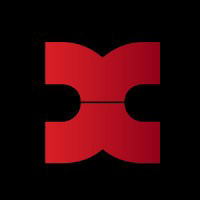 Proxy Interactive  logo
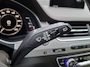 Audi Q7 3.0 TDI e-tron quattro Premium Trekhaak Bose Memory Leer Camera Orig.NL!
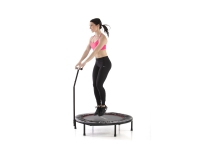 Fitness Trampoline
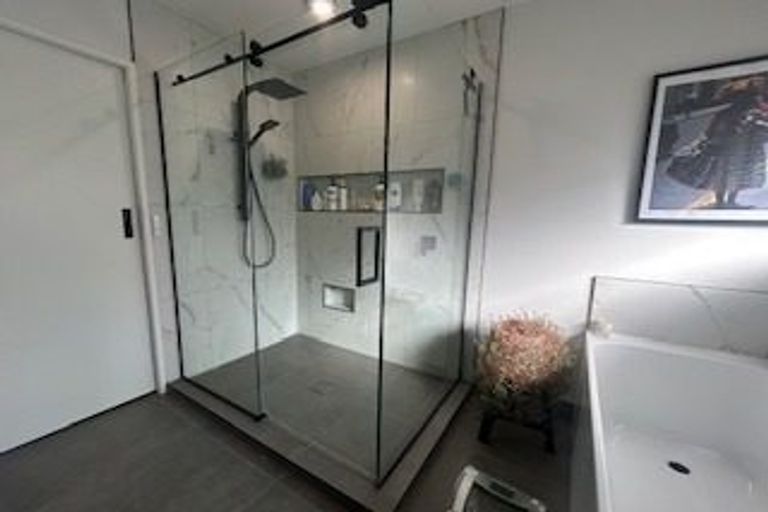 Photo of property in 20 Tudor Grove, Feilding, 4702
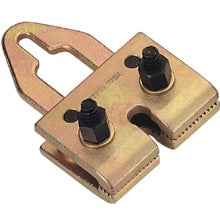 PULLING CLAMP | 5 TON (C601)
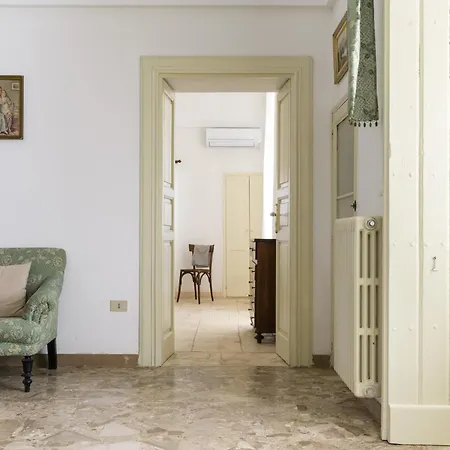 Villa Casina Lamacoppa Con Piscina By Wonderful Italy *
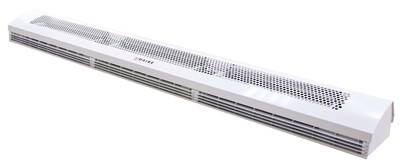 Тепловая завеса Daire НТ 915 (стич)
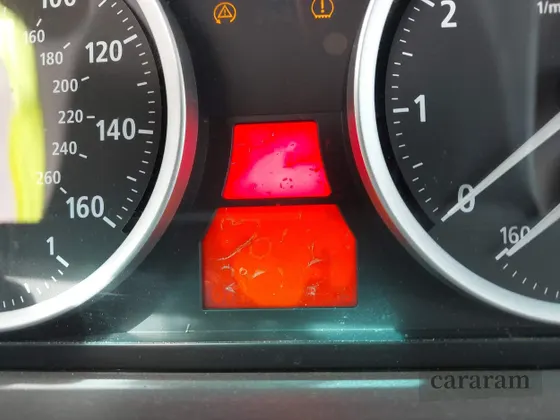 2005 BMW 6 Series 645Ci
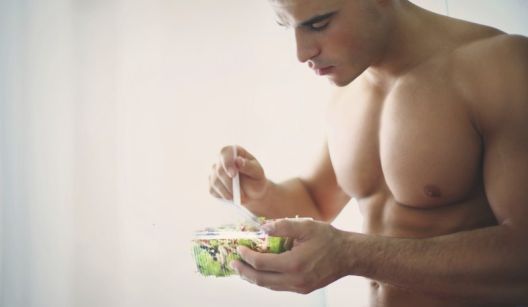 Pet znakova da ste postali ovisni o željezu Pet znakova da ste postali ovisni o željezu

○ ○ ○ ○ ○ ○ ○

> **Problem requirements**: Set down the entries above word for word, but drop any image.

> **Exercise answer**:
 Proxy Interactive  logo
 Audi Q7 3.0 TDI e-tron quattro Premium Trekhaak Bose Memory Leer Camera Orig.NL!
 Fitness Trampoline
 Photo of property in 20 Tudor Grove, Feilding, 4702
 PULLING CLAMP | 5 TON (C601)
 Villa Casina Lamacoppa Con Piscina By Wonderful Italy *
 Тепловая завеса Daire НТ 915 (стич)
 2005 BMW 6 Series 645Ci
 Pet znakova da ste postali ovisni o željezu Pet znakova da ste postali ovisni o željezu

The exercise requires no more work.